Ingredients You Will Need

  • Fennel Bulb: The star of the roasting process adds subtle sweetness and a light anise flavor. 
  • Red Onion: Brings a delicious depth and caramelized flavor that melds perfectly with everything else.
  • Cherry Tomatoes: Roast down into juicy, slightly sweet bursts of flavor. You can use grape tomatoes, too. 
  • Extra-Virgin Olive Oil: An earthy, yet mild and neutral flavor to help everything roast perfectly. 
  • Balsamic Vinegar: Adds acidity and balances the sweetness of the vegetables. 
  • Spices and Herbs: I love the combination of Italian seasoning with a simple addition of salt and black pepper. 
  • Italian Pork Sausages: I chose mild sausage for this recipe, but you can use spicy sausage if that is your preference.
  • Rigatoni Pasta: You can use any type of short pasta, but I love how the rigatoni soaks up the sauce for every bite.
  • Parmesan Cheese: A burst of umami to add a salty, nutty depth, and helps create a silky finish.
  • Reserved Pasta Water: The starchy liquid helps to bind and emulsify the sauce.
  • Balsamic Glaze: Adds a sweet, tangy finish and extra layer of flavor. You can make it if you don’t have any store-bought.

Kitchen Tools You Will Need

  • ​Large Baking Sheet 
  • Cutting Board
  • Sharp Knife
  • Small Bowl
  • Large Pot
  • Wooden Spoon

Make Room!

Don’t crowd the pan. Give the vegetables space so they roast instead of steam. Use two pans if needed.

How to Make This Sausage and Fennel Pasta

  1. Preheat the oven. Remove the fennel fronds and cut the fennel bulb in half, and then thinly slice it. Cut the red onion and thinly slice it. Add the fennel, onion, and cherry tomatoes to a sheet pan. 
  2. In a small bowl, whisk together the sauce ingredients. Pour over the veggies and toss to ensure they are all well-coated. Spread veggies out in a thin layer. Transfer to the oven to bake.
  3. After 20 minutes, remove the pan from the oven and stir the veggies. Create multiple spaces and add the sausage meat to the pan. Return to the oven and bake until the fennel is tender and golden brown.
  4. While the veggies are baking, bring a large pot of salted water to a boil. Add in the pasta and cook according to the package instructions until al dente. Before draining pasta, reserve 1 cup of the pasta water.
  5. Once the veggies are done cooking, remove them from the oven. Remove the sausages from the pan and cut them into thin slices. 
  6. Return the cooked and drained pasta to the pot. Add the sausage slices, all the veggies, and any excess sauce from the sheet pan. Start by adding in some pasta water, the balsamic reduction, and grated parmesan cheese. Toss to coat well. Serve garnished with extra parmesan cheese. 
Roasting veggies

How to Modify

  • Change the sausage for sweet Italian sausage or chicken sausages.
  • Make it spicy with spicy Italian sausages and a sprinkle of red pepper flakes in the sauce.
  • Add veggies like broccoli or cauliflower, and if you don’t care for fennel, try leeks or yellow onions (although the caramelized fennel is the star of the show, really).
  • Use any kind of pasta, but short pasta like penne, ziti, or farfalle would work great. 

Dietary Customizations

  • Vegan/Vegetarian: Use vegan Parmesan cheese and your favorite plant-based sausages or tofu.
  • Dairy-Free: Use dairy-free Parmesan cheese or omit the cheese altogether.
  • Gluten-Free: Try Banza pasta, Jovial, and Barilla for great gluten-free pasta options.
combining with the pasta

Serving Suggestions

This really is a complete meal in one pan, but if you want more, serve with a simple salad like Farro, Arugula, Salami, and Almond Salad, a Wedge Salad, or a spinach salad dressed lightly with lemon and olive oil, and then pair with crusty bread to soak up every last bit of the roasted juices. 

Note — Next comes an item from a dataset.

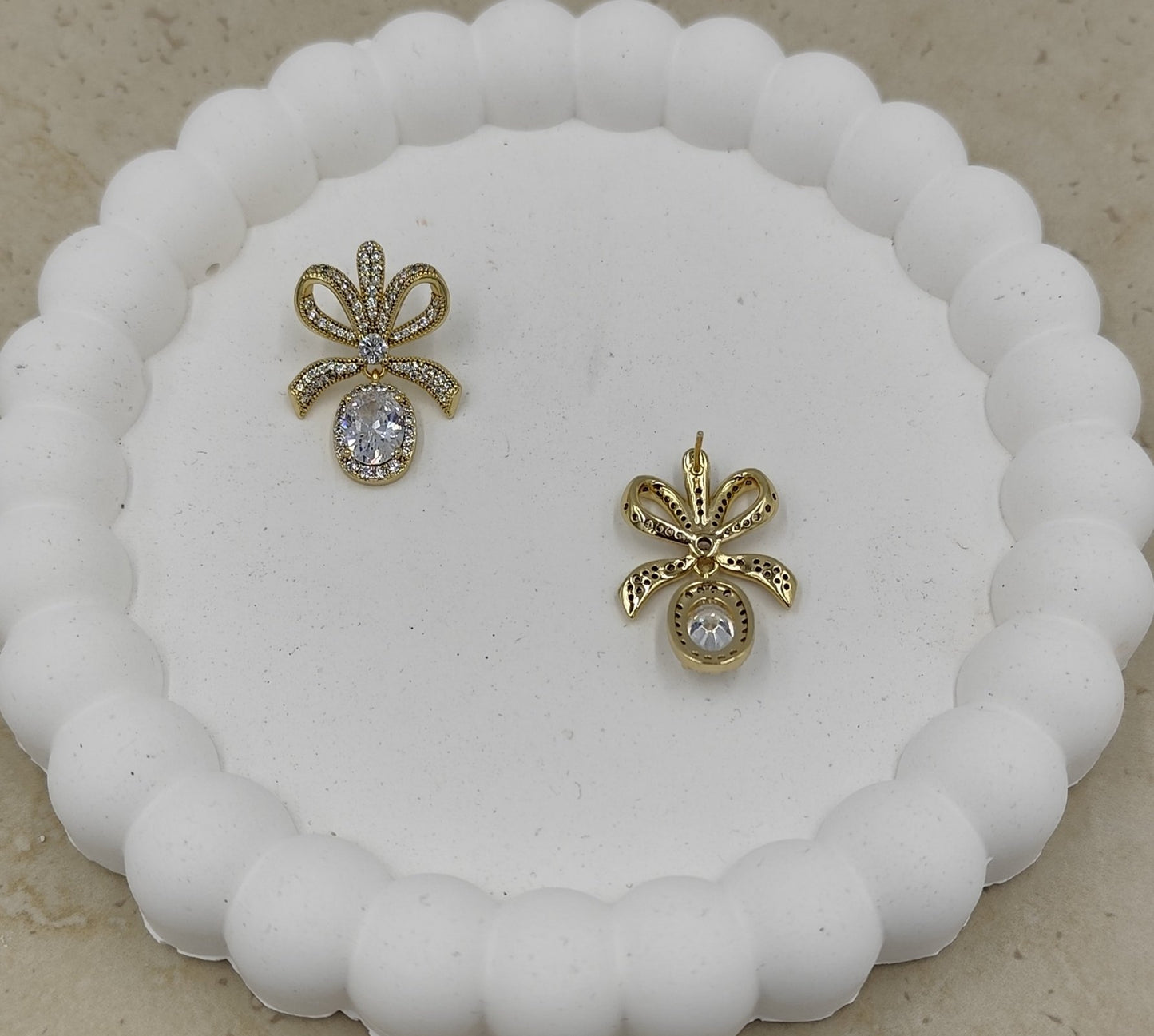 14 K Taş Detaylı Kurdela Küpe Xuping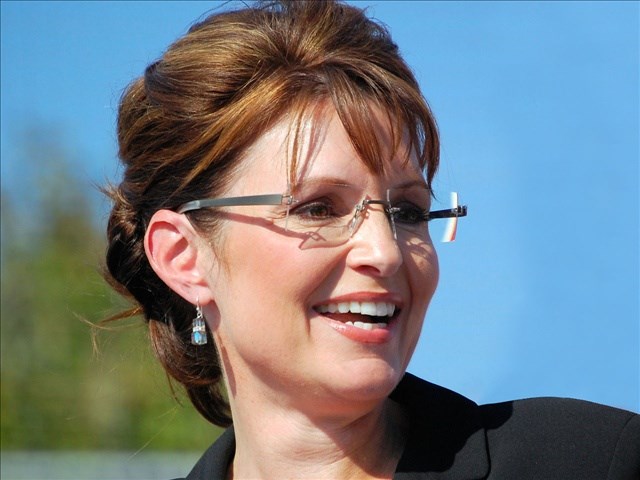 AMES Iowa- Republican presidential front-runner Donald Trump received a key endorsement Tuesday from conservative heavyweight Sarah Palin giving the billionaire businessman a potential boost with some voters less than two weeks before voting begins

If you’re feeling fancy, enjoy a delicious spritz, like Campari SpritzLillet Spritz, or Hugo Spritz, or have a simple glass of white wine.

Common Questions

Can I make this in advance?

Yes! Roast the vegetables and sausage in advance, then toss with cooked pasta and reheat gently over low or medium heat, before serving. Store in an airtight container in the fridge until you’re ready to reheat and enjoy.

Can I use a different sausage?

Yes! Try spicy Italian, chicken sausage, or your favorite plant-based sausage, or a mixture of two different sausages.

What about leftovers?

Keep pasta, vegetables, and sausage in an airtight container in the fridge for up to 3 to 4 days. Reheat gently and add a splash of olive oil or broth to bring back the sauciness.

Can I make this gluten-free?

Yes! Use your favorite gluten-free pasta and check the sausage ingredients to ensure they’re gluten-free.

What if I don’t like fennel?

Leeks, extra onions, or yellow onions can be used, or add other veggies altogether, like broccoli, cauliflower, green beans, asparagus, and more.

If you make this Sausage and Fennel Pasta, let me know in the comments section below. I would love to hear what you think or take a photo and tag me (@everylastbite_) on Instagram. I love seeing your photos!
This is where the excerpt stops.